While I received several beloved small kitchen appliances for shower and wedding gifts nearly a half-century ago, most of them were resigned to the graveyard for kitchen gadgets over the years. I abandoned the electric can opener decades ago, along with the electric wok and labor-intensive turn-the-crank ice cream maker. If one of my small appliances was left abandoned in the cabinet above the refrigerator, or to the garage shelf behind the holiday décor, it was out of sight and out of mind. Those items never made the trip on the many moving vans as our family drove or flew to our new home. If it did get packed for the move, it may have stayed packed. Mice and spiders found cozy homes in tangled cords or Teflon coatings, and entire boxes were tossed into dumpsters in eventual cleanouts.

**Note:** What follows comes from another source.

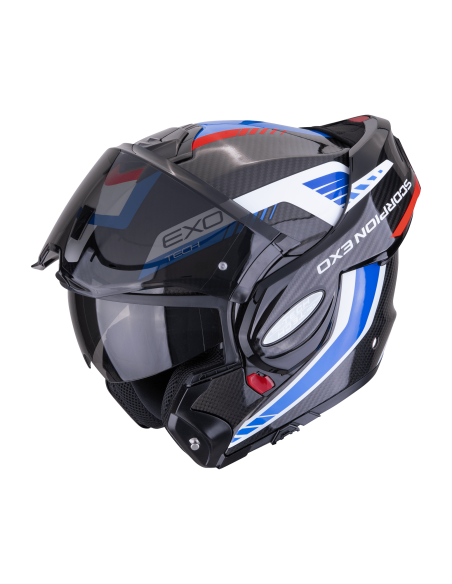 SCORPION EXO-TECH EVO CARBON COSY BLACK/BLUE/RED FLIP-UP MOTO HELMET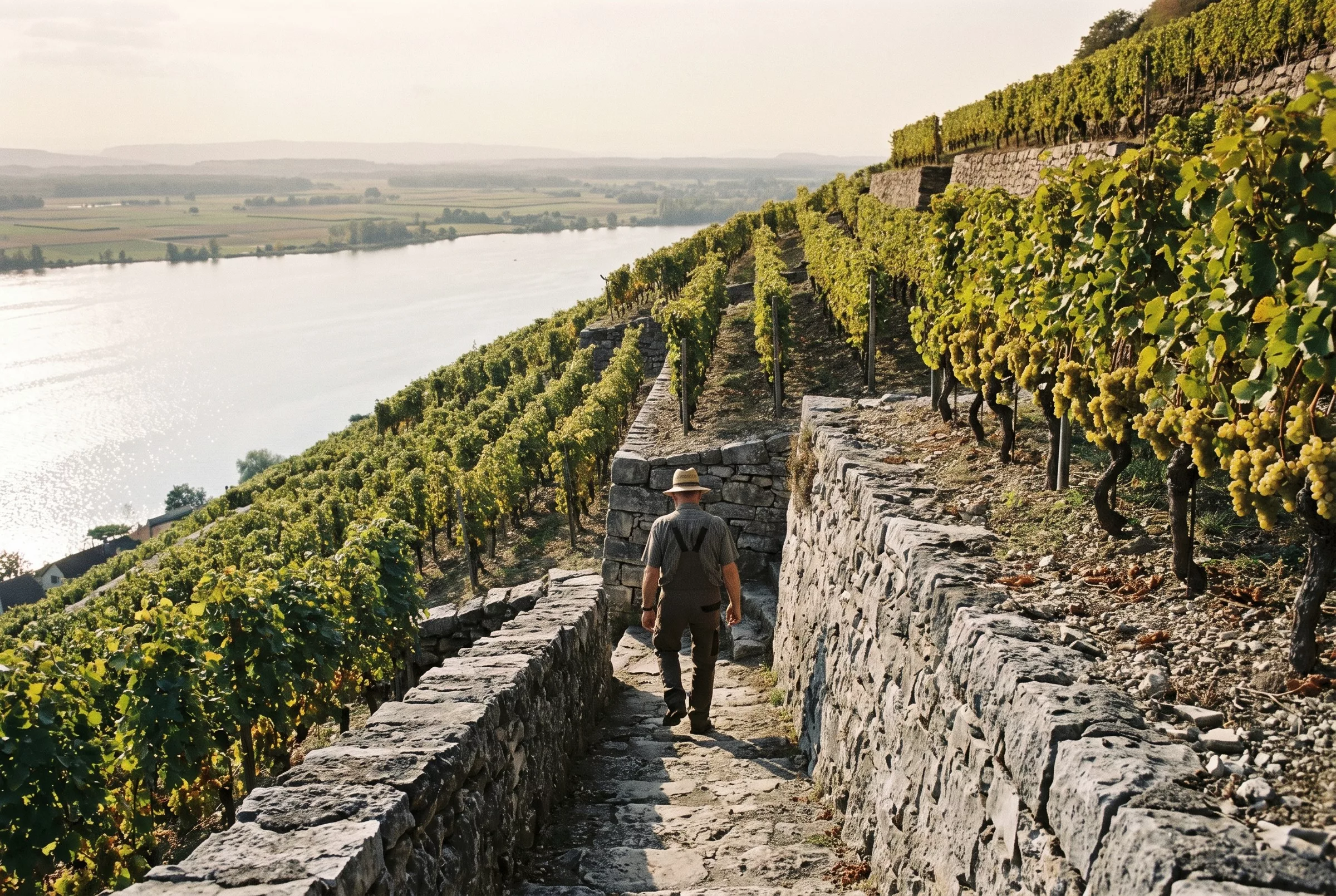 Escalier de pierre entre des terrasses de chasselas au-dessus du lac de Bienne, rive plate en face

There are, of course, those favorite kitchen gadgets that I adore and use often. In the 1970s, I served my sister-in-law Minute rice for dinner. She was the daughter of Japanese-Hawaiian parents, and she promptly she gifted me with a Panasonic rice cooker that Christmas. (Rice, after all, is a sacred dish to be cooked properly!) I've cherished that cooker for nearly fifty years, and amazingly, it still works perfectly after hundreds of uses.
In the
mid-80s, I joined millions of home cooks around the world who added Cuisinart
food processors and KitchenAid stand mixers to their culinary repertoire. I
took classes in the local mall's cooking school, perfecting pie crust, and
pizza dough. I abused and overused both the food processor and mixer to their
deaths, but happily replaced both of them recently. The Kitchen Decoded by
Logan Levant and Hilary Hattenback, published in 2014, is a perfect introduction
to kitchen tools and accessories such as the food processor and stand mixer.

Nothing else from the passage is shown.